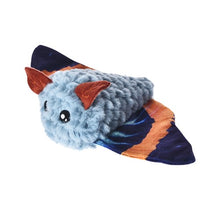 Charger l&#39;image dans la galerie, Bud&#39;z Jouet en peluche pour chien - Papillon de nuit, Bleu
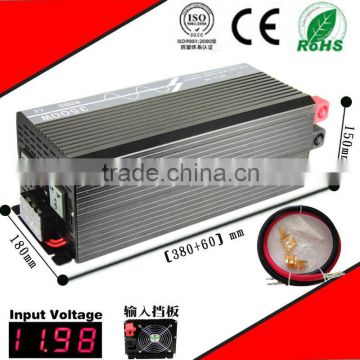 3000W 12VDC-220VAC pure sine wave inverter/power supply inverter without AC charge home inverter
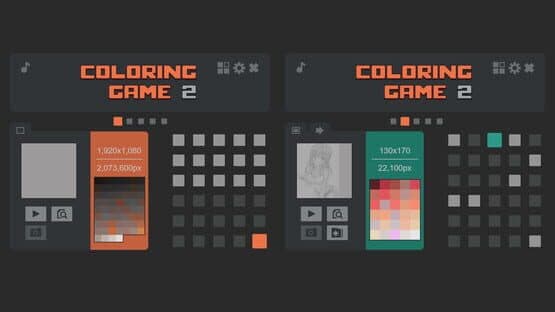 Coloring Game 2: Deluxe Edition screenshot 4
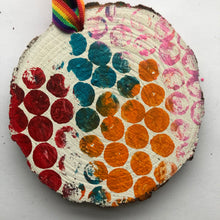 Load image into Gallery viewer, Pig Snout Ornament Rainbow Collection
----
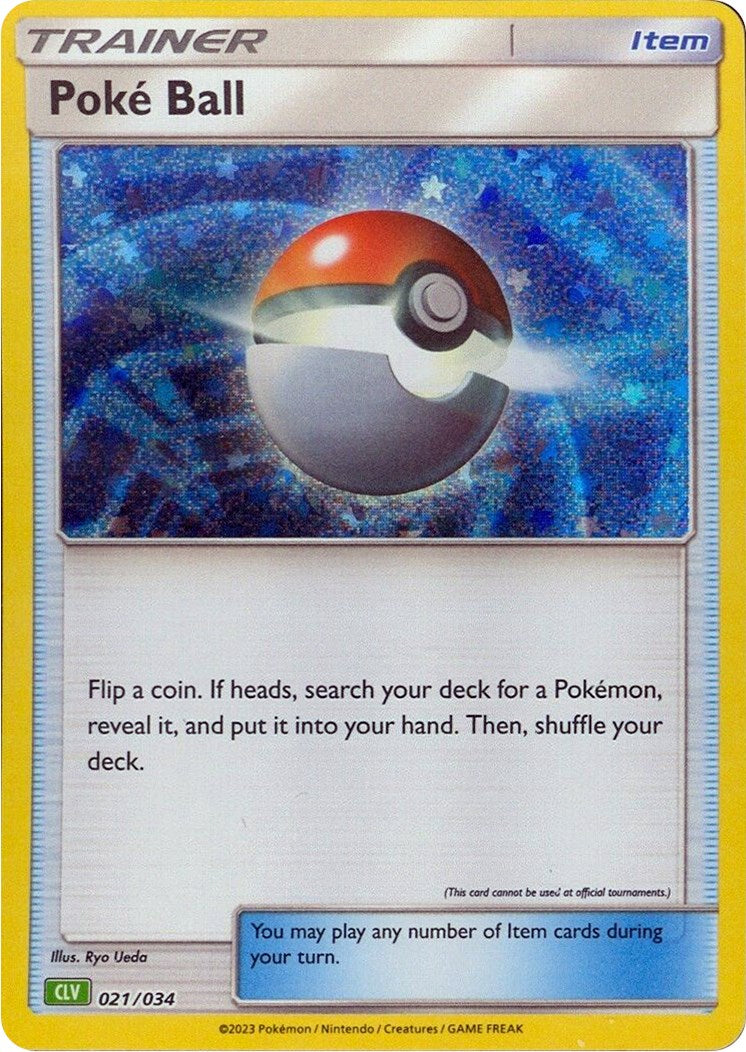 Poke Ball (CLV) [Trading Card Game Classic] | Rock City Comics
----
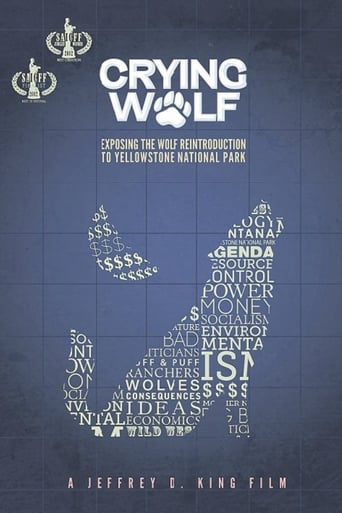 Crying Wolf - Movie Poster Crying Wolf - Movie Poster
----
| What to work on |
Look above for the line with "3000W 12VDC-220VAC pure"; quote it and every line after it, stopping after the line with "Load image into", exactly, with nothing added and without pictures.

| Response to this exercise |
 3000W 12VDC-220VAC pure sine wave inverter/power supply inverter without AC charge home inverter
 Coloring Game 2: Deluxe Edition screenshot 4
 Load image into Gallery viewer, Pig Snout Ornament Rainbow Collection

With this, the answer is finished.